What went wrong? Apart from the most obvious - the omission of the lifting point holes - the sections weighted 25t, three tonnes more than expected. This overloaded the slings. To get sufficient grip, the choke of the slings was tightened down beyond the natural 120º angle, again causing local overload. The ultimate cause however was the orientation of the lifting beam. Because both slings were the same length, as the arch rotated to the vertical, the beam also tipped back and the uppermost sling engaged on the edge of a steel plate that formed part of the beam. It cut straight through the sling.

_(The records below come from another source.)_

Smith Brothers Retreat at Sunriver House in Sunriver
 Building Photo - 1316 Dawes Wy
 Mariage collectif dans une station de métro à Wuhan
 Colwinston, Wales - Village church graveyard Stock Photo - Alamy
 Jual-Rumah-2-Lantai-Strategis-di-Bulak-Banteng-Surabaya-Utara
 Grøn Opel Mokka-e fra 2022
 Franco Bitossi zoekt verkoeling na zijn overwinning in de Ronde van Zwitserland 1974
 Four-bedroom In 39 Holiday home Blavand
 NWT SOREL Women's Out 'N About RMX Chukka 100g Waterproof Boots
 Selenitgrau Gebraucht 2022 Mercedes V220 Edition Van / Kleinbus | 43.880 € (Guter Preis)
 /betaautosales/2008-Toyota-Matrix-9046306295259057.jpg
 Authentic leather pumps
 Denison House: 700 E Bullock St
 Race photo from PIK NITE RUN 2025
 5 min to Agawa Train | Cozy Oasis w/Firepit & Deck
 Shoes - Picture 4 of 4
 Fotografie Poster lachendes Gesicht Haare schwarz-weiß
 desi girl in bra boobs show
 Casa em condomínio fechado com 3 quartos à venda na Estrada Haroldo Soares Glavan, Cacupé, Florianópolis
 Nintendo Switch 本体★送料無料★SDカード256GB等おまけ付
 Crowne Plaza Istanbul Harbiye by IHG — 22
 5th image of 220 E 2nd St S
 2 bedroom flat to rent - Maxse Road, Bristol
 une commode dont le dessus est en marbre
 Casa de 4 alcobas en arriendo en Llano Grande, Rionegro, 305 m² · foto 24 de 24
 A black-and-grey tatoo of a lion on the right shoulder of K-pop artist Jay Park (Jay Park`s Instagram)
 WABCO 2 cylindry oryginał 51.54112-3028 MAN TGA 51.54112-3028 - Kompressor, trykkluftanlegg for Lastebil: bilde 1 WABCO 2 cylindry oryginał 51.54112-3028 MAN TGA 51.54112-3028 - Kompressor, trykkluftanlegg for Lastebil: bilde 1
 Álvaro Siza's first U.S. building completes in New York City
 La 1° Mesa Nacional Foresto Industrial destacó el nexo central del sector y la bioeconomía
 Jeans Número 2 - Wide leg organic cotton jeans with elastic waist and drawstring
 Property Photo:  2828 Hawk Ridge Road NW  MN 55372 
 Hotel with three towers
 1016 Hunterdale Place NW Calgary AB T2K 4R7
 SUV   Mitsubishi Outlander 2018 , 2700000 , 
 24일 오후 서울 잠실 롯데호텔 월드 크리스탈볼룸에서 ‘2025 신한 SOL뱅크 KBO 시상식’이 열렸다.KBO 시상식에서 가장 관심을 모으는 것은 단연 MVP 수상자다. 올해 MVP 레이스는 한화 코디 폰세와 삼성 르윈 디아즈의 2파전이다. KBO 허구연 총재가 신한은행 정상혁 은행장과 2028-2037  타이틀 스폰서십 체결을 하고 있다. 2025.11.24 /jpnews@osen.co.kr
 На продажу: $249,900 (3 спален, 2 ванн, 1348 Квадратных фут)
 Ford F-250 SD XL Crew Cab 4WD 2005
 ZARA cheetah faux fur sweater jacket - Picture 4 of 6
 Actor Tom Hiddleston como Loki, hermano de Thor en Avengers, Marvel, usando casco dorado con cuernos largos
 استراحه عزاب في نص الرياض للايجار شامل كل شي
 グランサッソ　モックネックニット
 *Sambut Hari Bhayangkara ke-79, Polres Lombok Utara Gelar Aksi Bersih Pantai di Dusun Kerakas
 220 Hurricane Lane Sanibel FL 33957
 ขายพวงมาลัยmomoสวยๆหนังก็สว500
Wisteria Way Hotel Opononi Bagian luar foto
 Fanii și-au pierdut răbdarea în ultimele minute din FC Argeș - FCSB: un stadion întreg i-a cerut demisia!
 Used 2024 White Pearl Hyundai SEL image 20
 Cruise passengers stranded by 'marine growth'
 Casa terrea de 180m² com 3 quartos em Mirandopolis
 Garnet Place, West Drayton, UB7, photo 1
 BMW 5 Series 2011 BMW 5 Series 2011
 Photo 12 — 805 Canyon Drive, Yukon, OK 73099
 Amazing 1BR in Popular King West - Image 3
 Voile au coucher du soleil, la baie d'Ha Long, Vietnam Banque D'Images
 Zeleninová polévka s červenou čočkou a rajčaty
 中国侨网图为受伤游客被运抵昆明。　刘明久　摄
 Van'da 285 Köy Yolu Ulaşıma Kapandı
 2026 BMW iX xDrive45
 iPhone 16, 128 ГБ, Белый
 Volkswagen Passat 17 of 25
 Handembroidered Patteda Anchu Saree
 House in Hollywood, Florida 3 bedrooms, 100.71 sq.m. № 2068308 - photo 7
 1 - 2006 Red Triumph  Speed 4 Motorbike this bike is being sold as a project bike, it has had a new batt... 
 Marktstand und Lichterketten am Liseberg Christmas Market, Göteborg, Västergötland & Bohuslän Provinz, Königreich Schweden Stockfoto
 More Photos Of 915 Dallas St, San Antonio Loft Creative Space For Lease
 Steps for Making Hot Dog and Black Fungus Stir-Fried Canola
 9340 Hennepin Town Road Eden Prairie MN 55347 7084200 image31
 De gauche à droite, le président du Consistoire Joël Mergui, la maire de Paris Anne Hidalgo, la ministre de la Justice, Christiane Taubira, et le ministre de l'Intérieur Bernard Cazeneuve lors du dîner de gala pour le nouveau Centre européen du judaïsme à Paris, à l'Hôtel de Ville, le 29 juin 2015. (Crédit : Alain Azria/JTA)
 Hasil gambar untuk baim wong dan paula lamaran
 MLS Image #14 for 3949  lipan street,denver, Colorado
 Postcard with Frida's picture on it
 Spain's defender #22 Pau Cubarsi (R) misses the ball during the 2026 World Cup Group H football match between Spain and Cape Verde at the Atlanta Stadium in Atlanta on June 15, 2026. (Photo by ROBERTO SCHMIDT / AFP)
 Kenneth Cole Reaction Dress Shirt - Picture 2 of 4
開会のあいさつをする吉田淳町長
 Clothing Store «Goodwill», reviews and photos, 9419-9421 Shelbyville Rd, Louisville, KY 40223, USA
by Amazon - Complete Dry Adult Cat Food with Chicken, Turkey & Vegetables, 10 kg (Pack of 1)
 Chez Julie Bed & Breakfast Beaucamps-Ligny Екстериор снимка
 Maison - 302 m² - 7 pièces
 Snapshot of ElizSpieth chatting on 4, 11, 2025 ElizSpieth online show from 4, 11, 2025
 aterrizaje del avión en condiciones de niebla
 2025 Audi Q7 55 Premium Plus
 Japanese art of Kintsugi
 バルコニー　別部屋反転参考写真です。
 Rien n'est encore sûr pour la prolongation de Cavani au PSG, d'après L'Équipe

Even if this had not occurred the new plan was fraught with problems. The positioning of the slings was critical to ensure the load was correctly orientated. The pre-positioned holes would have ensured this but, without them, the slinger had to judge each time. Inevitably, as the sections were rotated to orientate them to the vertical, there would be some movement of the choke, risking damage to the slings. Moreover, as they had to butt up as close as possible to the adjacent section, the risk of trapping the slings was very high.

These are just two examples of failures in planning. This article simply aims to highlight the dangers and by no means provides a comprehensive list of the issues that need to be addressed. Relevant codes of practice and legislation must be referred to for a complete summary of the questions that should be considered. On paper, nearly all will seem no more than straightforward common sense.

Taken seriously and consistently applied, however, good planning and preparation procedures will go a long way to ensuring that the risk of accidents is dramatically reduced.